**What is being asked:**
The result should be an exact copy of the lines from the one with "Two Vintage Arcoroc" through the last line of the data below, both included.

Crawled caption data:

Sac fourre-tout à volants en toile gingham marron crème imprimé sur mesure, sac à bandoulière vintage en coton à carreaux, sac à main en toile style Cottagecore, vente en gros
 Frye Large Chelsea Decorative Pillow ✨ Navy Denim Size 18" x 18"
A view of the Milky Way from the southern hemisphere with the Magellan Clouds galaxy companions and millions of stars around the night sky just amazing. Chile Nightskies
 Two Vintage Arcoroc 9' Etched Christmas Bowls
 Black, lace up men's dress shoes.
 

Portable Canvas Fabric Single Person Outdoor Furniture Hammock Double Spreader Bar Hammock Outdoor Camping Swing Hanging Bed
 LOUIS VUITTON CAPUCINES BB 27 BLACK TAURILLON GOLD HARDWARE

**Output:**
 Two Vintage Arcoroc 9' Etched Christmas Bowls
 Black, lace up men's dress shoes.
 

Portable Canvas Fabric Single Person Outdoor Furniture Hammock Double Spreader Bar Hammock Outdoor Camping Swing Hanging Bed
 LOUIS VUITTON CAPUCINES BB 27 BLACK TAURILLON GOLD HARDWARE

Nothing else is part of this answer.